Ex. 9.1

Ex. 9.1

Show that a smoothing spline fit of \(y_i\) to \(x_i\) preserves the linear part of the fit. In other words, if \(y_i = \hat y_i + r_i\), where \(\hat y_i\) represents the linear regression fits, and \(\bb{S}\) is the smoothing matrix, then \(\bb{S}\bb{y} = \boldsymbol{\hat y} + \bb{S}\bb{r}\). Show that the same is true for local linear regression (Section 6.1.1). Hence argue that the adjustment step in the second line of (2) in Algorithm 9.1 is unnecessary.

Soln. 9.1

We need to show that \(\textbf{S}\boldsymbol{\hat y}=\boldsymbol{\hat y}\). Recall (5.9) in the text with \(\lambda = 0\) and \(y_i\) replaced with \(\hat y_i\). On the one hand, the solution is trivially seen as \(\hat f(x_i)=\hat y_i\), i.e., \(\hat f = \boldsymbol{\hat y}\).

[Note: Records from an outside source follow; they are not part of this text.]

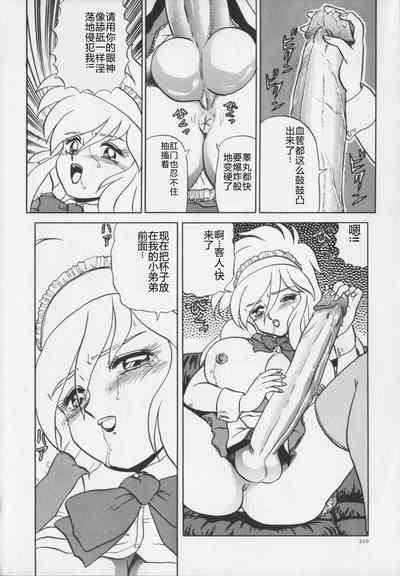 第212页图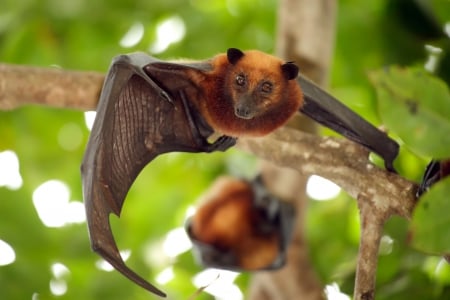 Malayan flying foxes - eyes, round, red, brown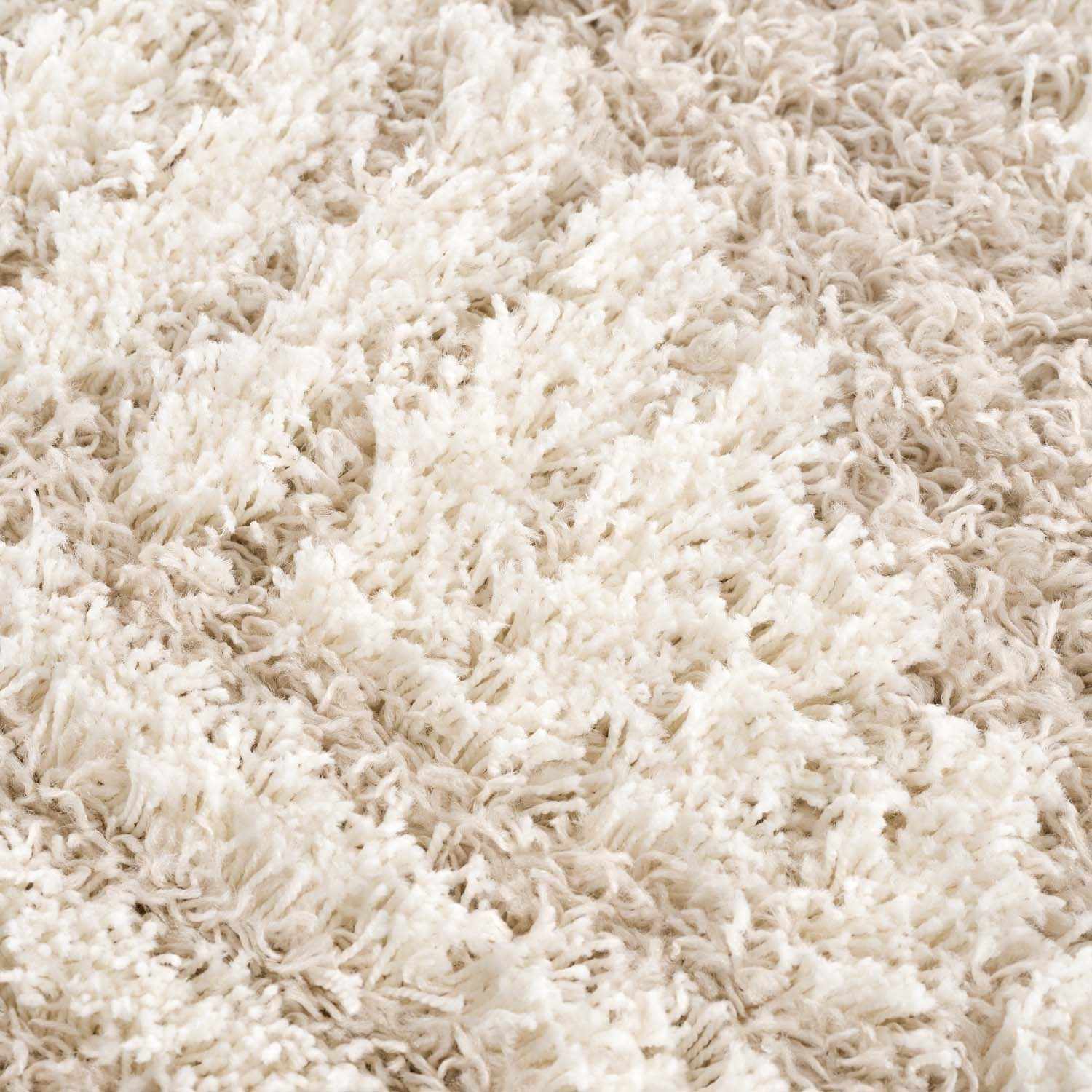Igor Shag Area Rug by Boutique Rugs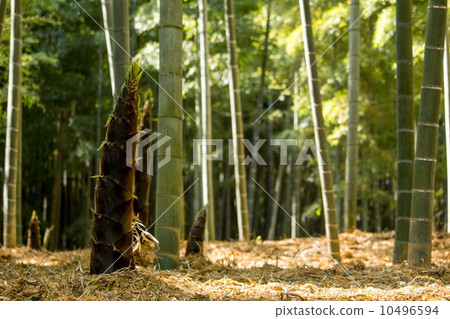  Bamboo grove 10496594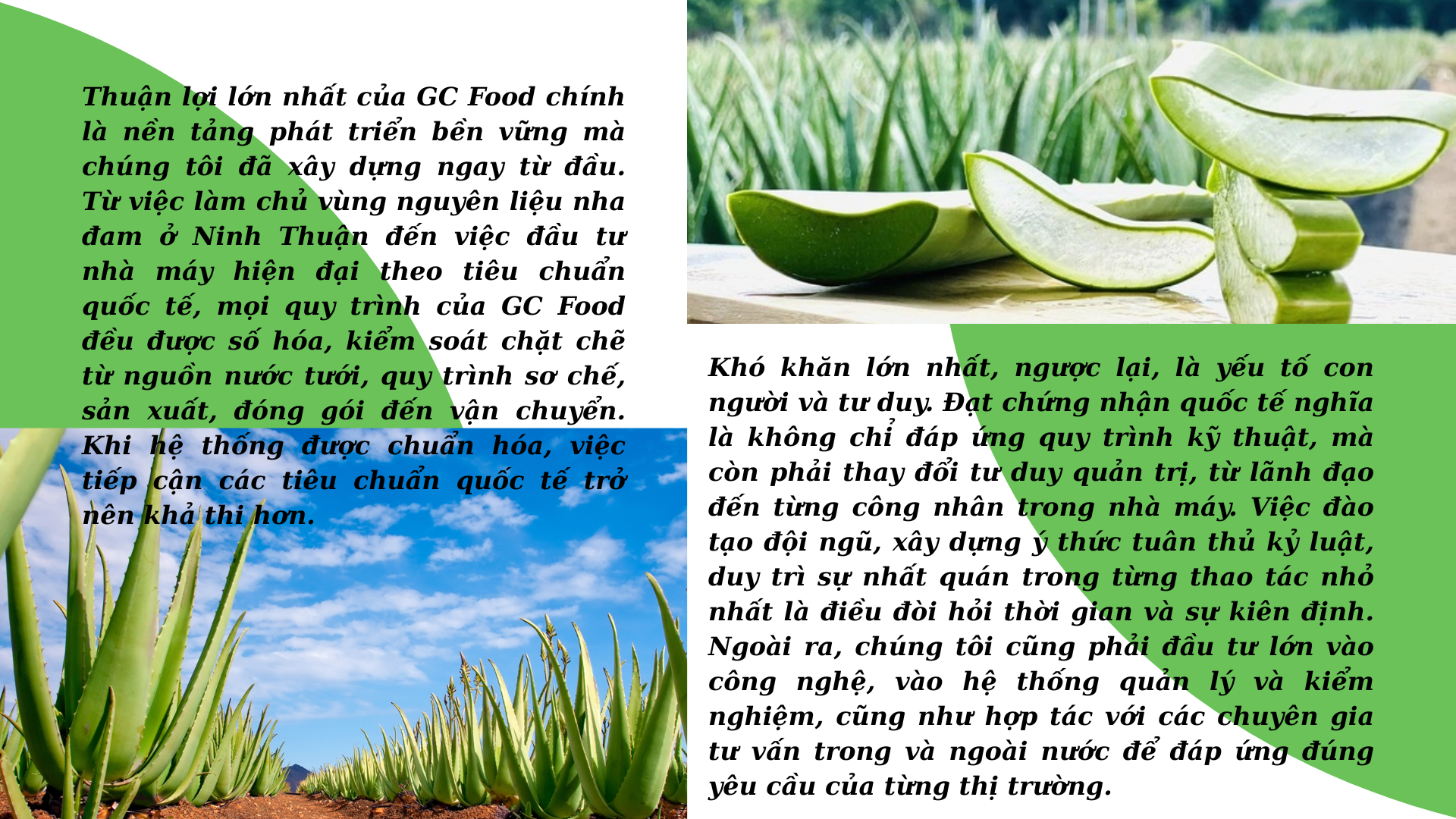 giac-mo-xanh-cua-gc-food-9-1762508960.png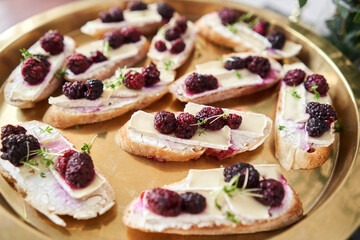Delicious canapes with camembert and blackberries. Tasty buffet table. Summer party. Catering concept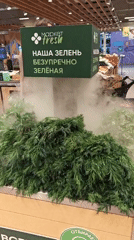Morning shopping trip documented at Yekaterinburg mall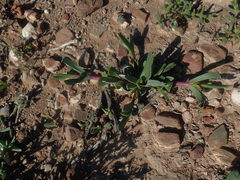 Acrodon purpureostylus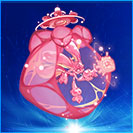 �����Ű�����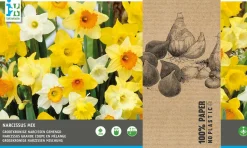 Intratuin bloembollen grootkronige Narcis (Narcissus) geel / wit 20 stuks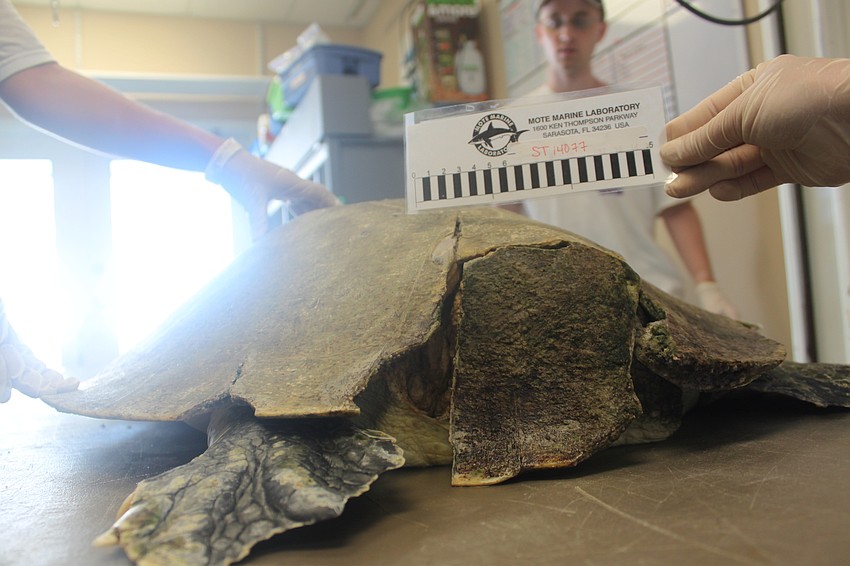 Mufasa was found on Aug. 7, 2014 floating at the surface and unable to dive. The turtle had boat-strike wounds on its shell and face and marks on both flippers from fishing lines and net entanglements. Its left front flipper is now only a stump.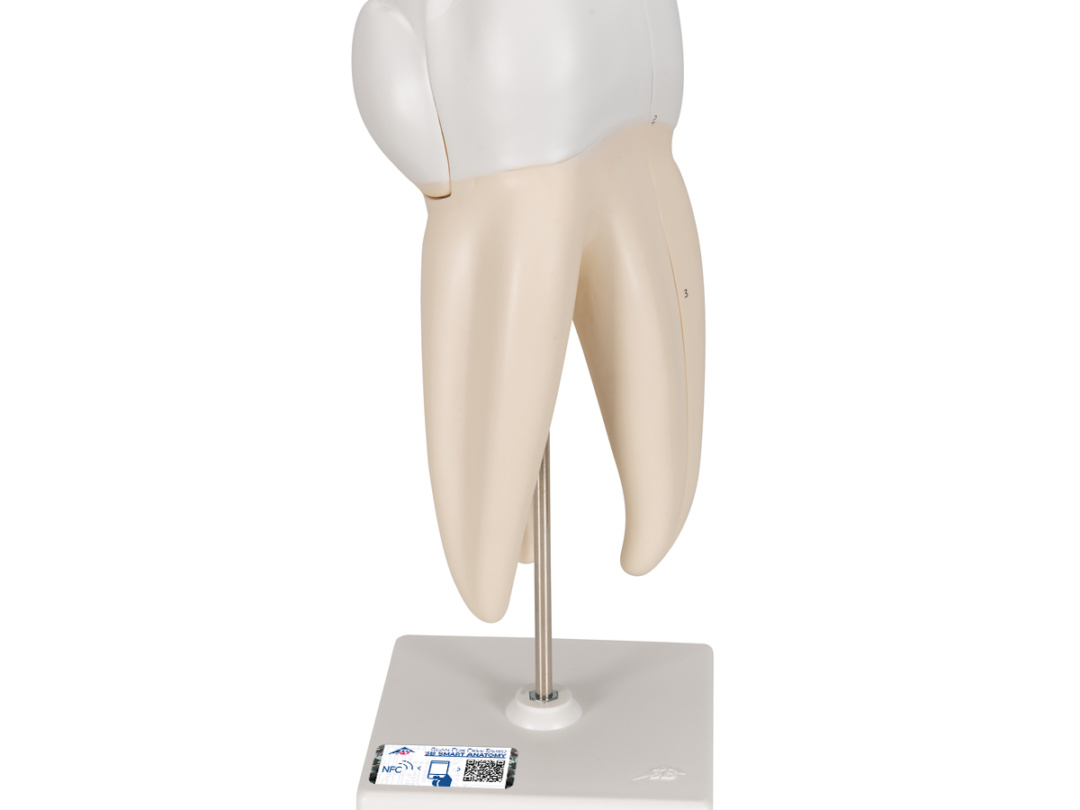 上顎大臼歯（3根）モデル，縦断3分解 - 日本スリービー・サイエンティ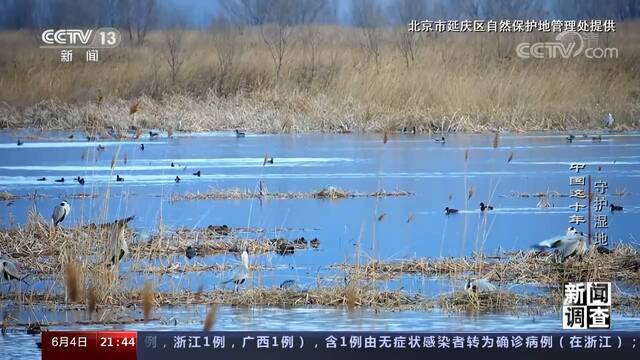 新闻调查：中国这十年 守护湿地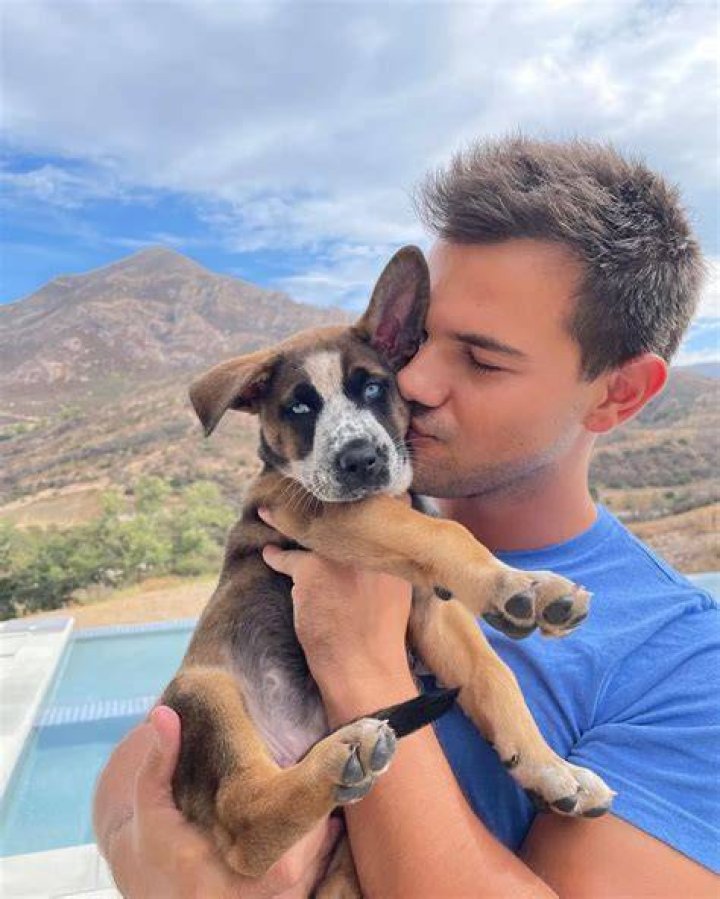 Taylor Lautner Pets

On the other hand, since \(\hat f = \textbf{S}\boldsymbol{\hat y}\) solves (5.9) (or equivalently (5.18)), we know that \(\textbf{S}\boldsymbol{\hat y}=\boldsymbol{\hat y}\).

For local linear regression (see (6.8) in the text), we have

\[\begin{equation} \textbf{S} = \textbf{X}(\textbf{X}^T\textbf{W}\textbf{X})^{-1}\textbf{X}^T\textbf{W},\non \end{equation}\]

so that

\[\begin{eqnarray} \textbf{S}\boldsymbol{\hat y} &=& \textbf{X}(\textbf{X}^T\textbf{W}\textbf{X})^{-1}\textbf{X}^T\textbf{W}\textbf{X}(\bX^T\bX)^{-1}\bX^T\by\non\\ &=&\textbf{X}(\bX^T\bX)^{-1}\bX^T\by\non\\ &=&\boldsymbol{\hat y}.\non \end{eqnarray}\]

The second step in (2) of Algorithm 9.1 is not needed, since the smoothing spline fit to a mean-zero response has mean zero.